Aim of the exercise
Line by line, repeat the data below exactly, beginning at the first line and ending at the line with "Two international high". Omit pictures.

[Short web captions]

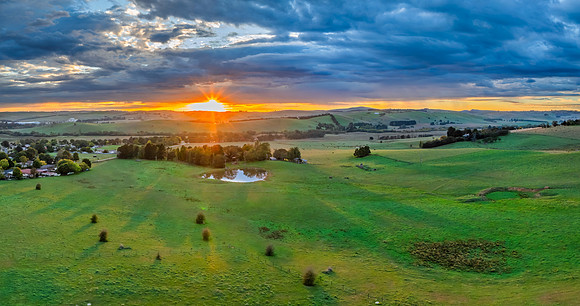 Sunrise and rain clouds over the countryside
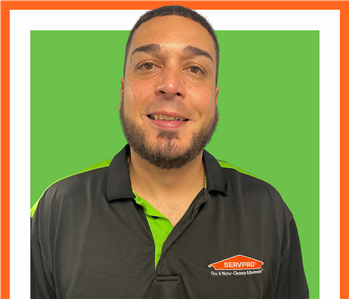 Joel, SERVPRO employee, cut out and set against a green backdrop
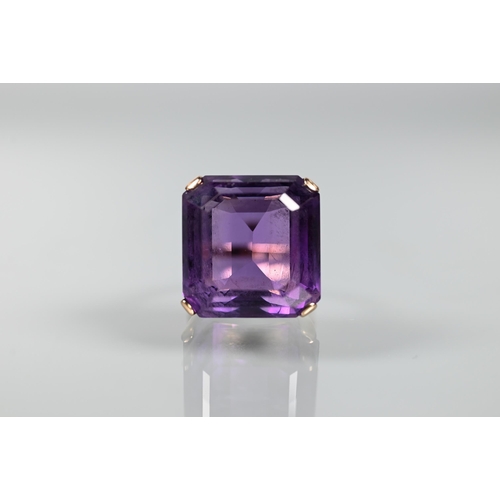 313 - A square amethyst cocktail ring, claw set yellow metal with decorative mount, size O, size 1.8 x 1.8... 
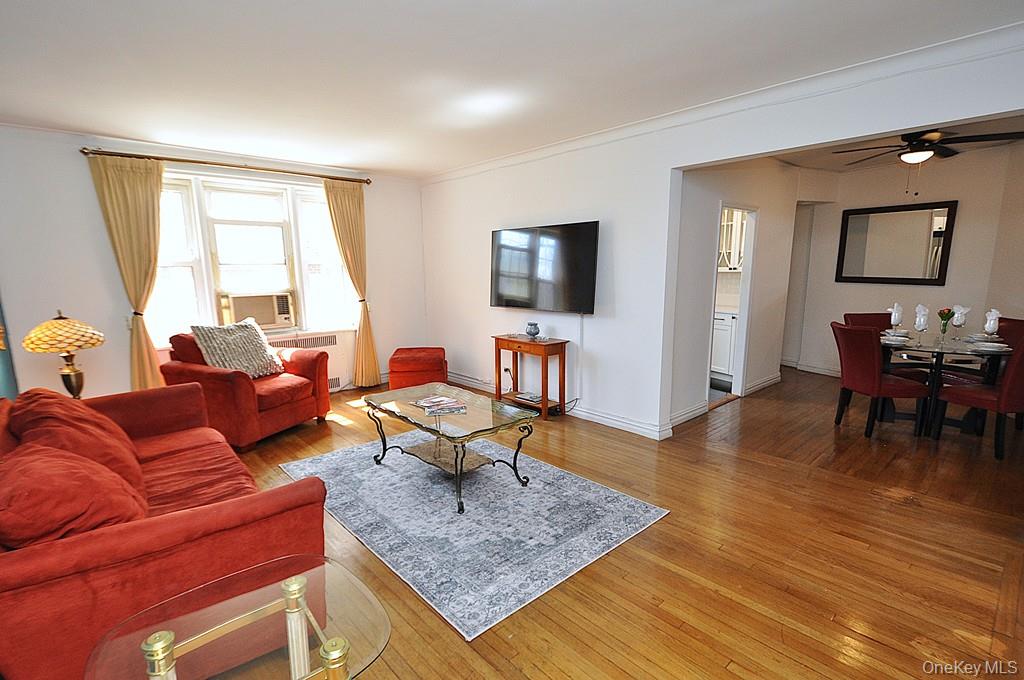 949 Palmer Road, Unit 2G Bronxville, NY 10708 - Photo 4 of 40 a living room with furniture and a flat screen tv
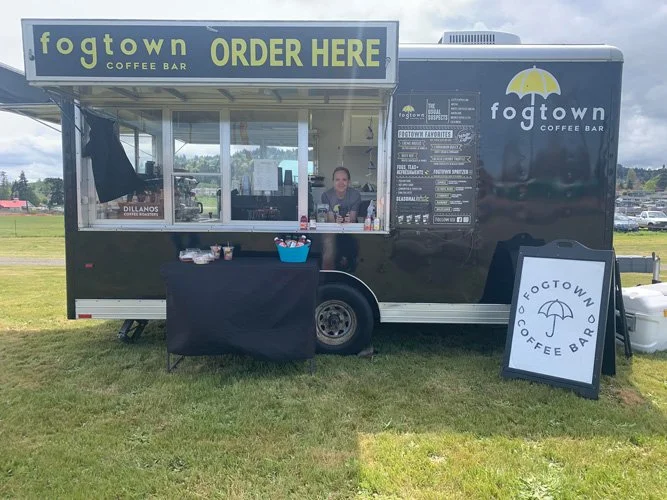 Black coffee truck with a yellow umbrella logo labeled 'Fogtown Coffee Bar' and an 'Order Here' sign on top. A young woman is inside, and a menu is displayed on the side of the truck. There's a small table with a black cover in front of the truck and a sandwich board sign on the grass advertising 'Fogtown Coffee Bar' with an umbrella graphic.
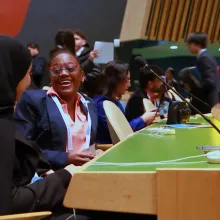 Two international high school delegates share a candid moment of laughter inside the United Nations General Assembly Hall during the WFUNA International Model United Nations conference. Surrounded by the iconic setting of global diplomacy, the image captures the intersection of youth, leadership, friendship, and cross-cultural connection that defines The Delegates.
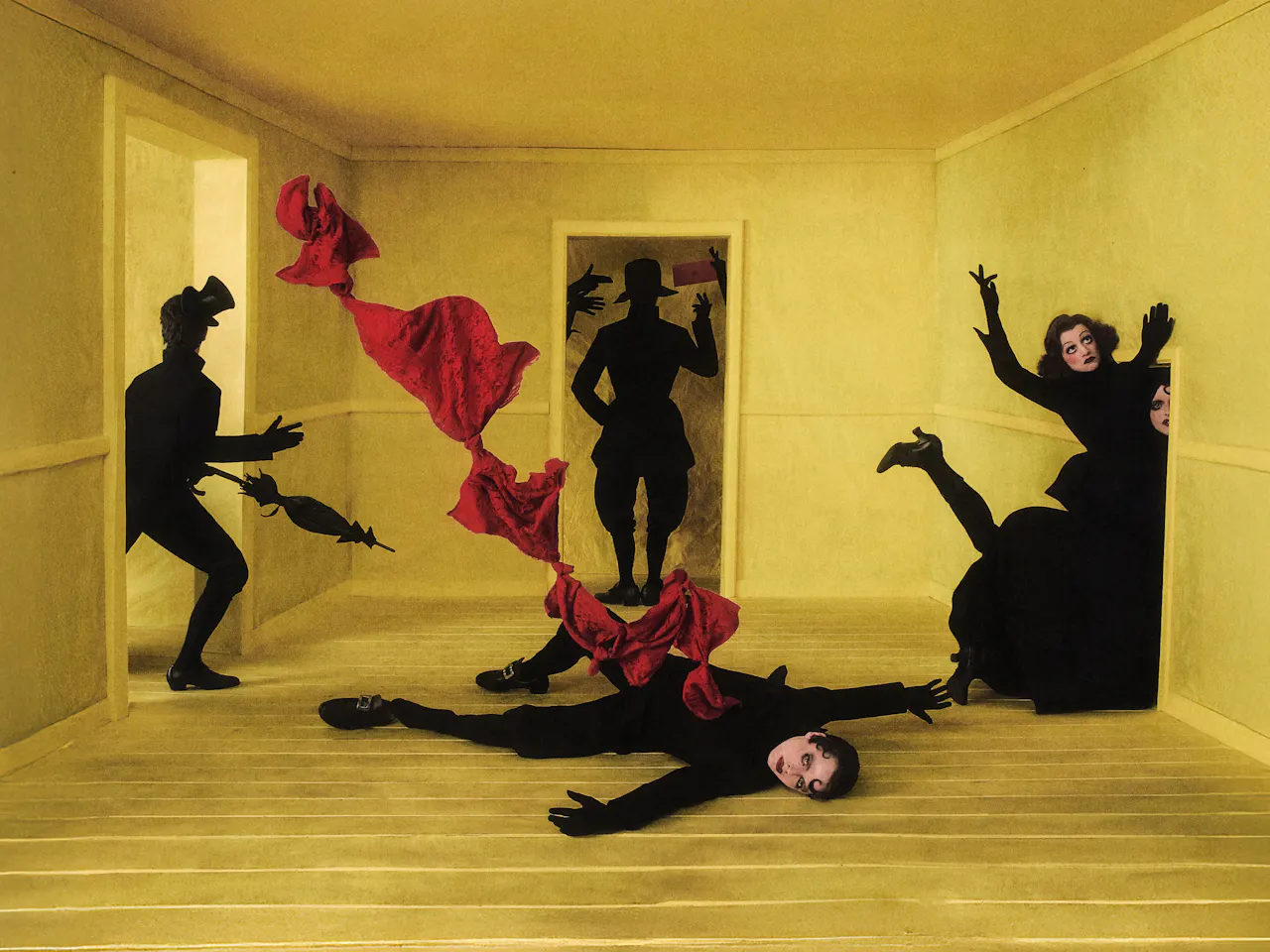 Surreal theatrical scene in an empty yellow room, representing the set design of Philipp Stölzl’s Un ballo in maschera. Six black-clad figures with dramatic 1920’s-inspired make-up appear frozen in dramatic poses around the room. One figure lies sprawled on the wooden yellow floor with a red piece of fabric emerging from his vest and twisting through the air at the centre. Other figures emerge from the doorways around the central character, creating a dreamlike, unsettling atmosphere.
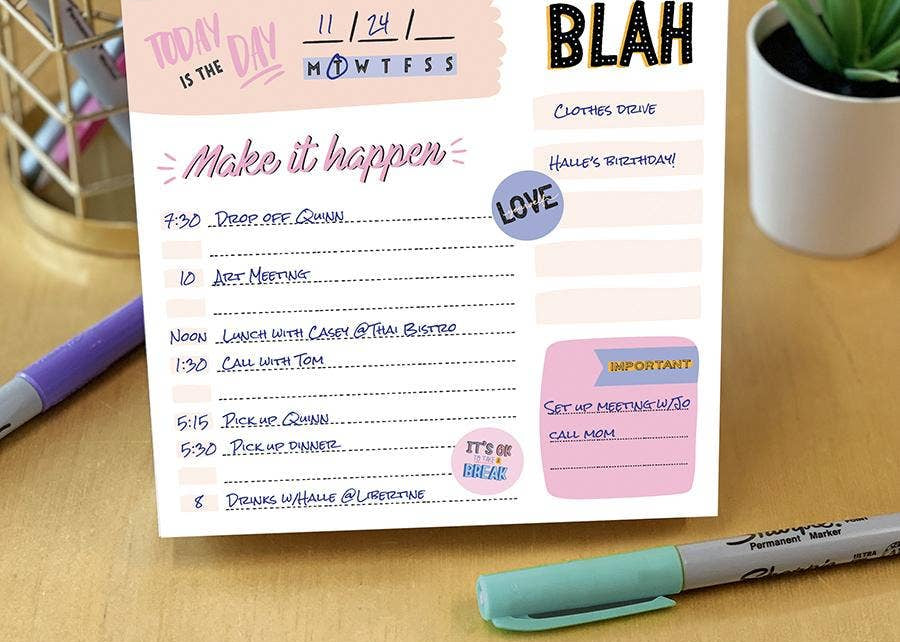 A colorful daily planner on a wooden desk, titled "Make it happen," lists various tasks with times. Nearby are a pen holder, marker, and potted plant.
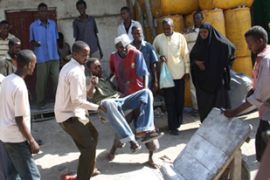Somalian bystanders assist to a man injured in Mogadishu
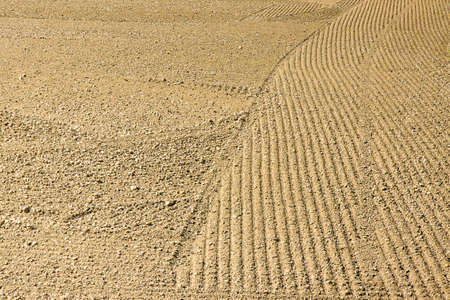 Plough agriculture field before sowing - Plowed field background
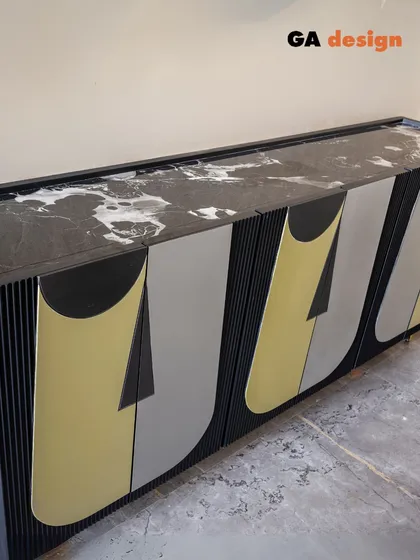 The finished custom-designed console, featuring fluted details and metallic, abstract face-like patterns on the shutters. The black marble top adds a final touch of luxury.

Answer for this exercise
 Sunrise and rain clouds over the countryside
 Joel, SERVPRO employee, cut out and set against a green backdrop
 313 - A square amethyst cocktail ring, claw set yellow metal with decorative mount, size O, size 1.8 x 1.8... 
 949 Palmer Road, Unit 2G Bronxville, NY 10708 - Photo 4 of 40 a living room with furniture and a flat screen tv
 Black coffee truck with a yellow umbrella logo labeled 'Fogtown Coffee Bar' and an 'Order Here' sign on top. A young woman is inside, and a menu is displayed on the side of the truck. There's a small table with a black cover in front of the truck and a sandwich board sign on the grass advertising 'Fogtown Coffee Bar' with an umbrella graphic.
 Two international high school delegates share a candid moment of laughter inside the United Nations General Assembly Hall during the WFUNA International Model United Nations conference. Surrounded by the iconic setting of global diplomacy, the image captures the intersection of youth, leadership, friendship, and cross-cultural connection that defines The Delegates.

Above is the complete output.